The intuition is for us to add one term of $M^i$ in every iteration:

x^{(k-1)} = (M^0 + M^1 + ... + M^{k-1})b

x^{(k)} = (M^0 + M^1 + ... + M^k)b

However, we don't want to recompute everything on each step since that takes up a lot of space in the computer. How can we compute the iteration while minimizing the cost?

Ideally, we can just use the values of $M$ , $b$ , and $x^{(k-1)}$ to perform the computation. The key is in the following equation:

\begin{aligned} Mx^{(k-1)} &= M(M^0 + M^1 + ... + M^{k-1})b\\ &= (M^1 + M^2 + ... + M^k)b\\ &= (M^0 + M^1 + M^2 + ... + M^k)b - M^0b\\ &= x^{(k)} - M^0b\\ &= x^{(k)} - b\\ \end{aligned}

After shuffling the terms, we have:

\begin{aligned} x^{(k)} &= Mx^{(k-1)} + b\\ \end{aligned}

And that is it!
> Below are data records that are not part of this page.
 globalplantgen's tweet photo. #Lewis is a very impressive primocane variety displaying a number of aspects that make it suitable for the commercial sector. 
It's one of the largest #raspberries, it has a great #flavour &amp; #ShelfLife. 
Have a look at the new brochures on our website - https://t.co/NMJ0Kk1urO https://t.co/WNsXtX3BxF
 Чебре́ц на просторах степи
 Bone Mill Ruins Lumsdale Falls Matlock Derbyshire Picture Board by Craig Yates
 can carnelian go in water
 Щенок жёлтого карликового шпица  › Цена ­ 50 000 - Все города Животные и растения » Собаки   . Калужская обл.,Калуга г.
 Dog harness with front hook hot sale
Of course, when we are applying Jacobi or Gauss Seidel, we are operating with the good and the bad matrix under the hood:

\begin{aligned} x^{(k)} &= (-G^{-1}B)x^{(k-1)} + G^{-1}b\\ \end{aligned}

This can also be written as:

\begin{aligned} x^{(k)} &= G^{-1}b - (G^{-1}B)x^{(k-1)}\\ \end{aligned}

This would be the general form we need to perform the computation.
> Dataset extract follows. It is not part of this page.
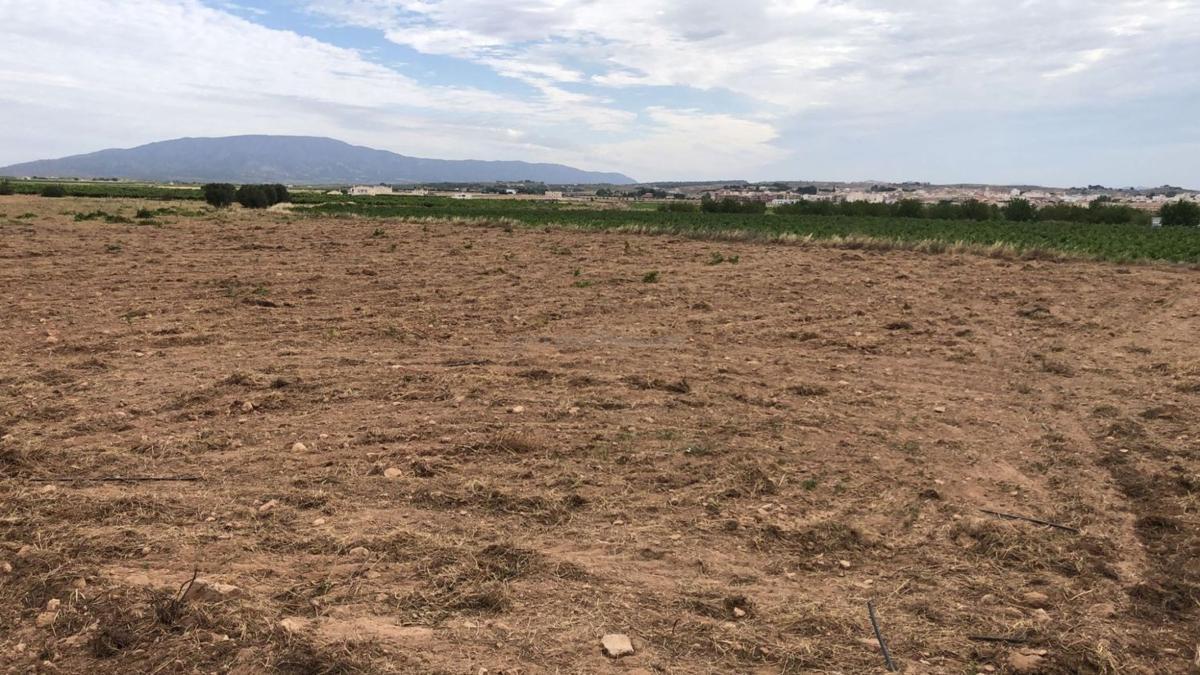 Venta de villa en Pinoso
The exact formula of Jacobi and Gauss Seidel are then derived from writing each term down and expanding them, which is some painstacking calculation that I am not going to type up in latex. If you trust me, here are the formulas for solving $Ax=b$ .

Jacobi:

x_i^{(k)}=\frac{1}{a_{i i}}\left[\sum_{\substack{j=1, j \neq i}}^n\left(-a_{i j} x_j^{(k-1)}\right)+b_i\right]

Gauss Seidel:

x_i^{(k)}=\frac{1}{a_{i i}}\left[-\sum_{j=1}^{i-1}\left(a_{i j} x_j^{(k)}\right)-\sum_{j=i+1}^n\left(a_{i j} x_j^{(k-1)}\right)+b_i\right]

In Gauss Seidel, we skipped quite a bit of computation by using the already computed terms in $x^{(k)}$ instead of revisiting all the terms in $A$ .

In coding practice, the similarity in formulas makes Gauss Seidel almost the same as Jacobi, the only difference being we are throwing away $x^{(k-1)}_i$ immediately after $x^{(k)}_i$ is computed in Gauss Seidel, while in Jacobi we wait until the entire vector $x^{(k)}$ is computed before throwing away $x^{(k-1)}$ all together.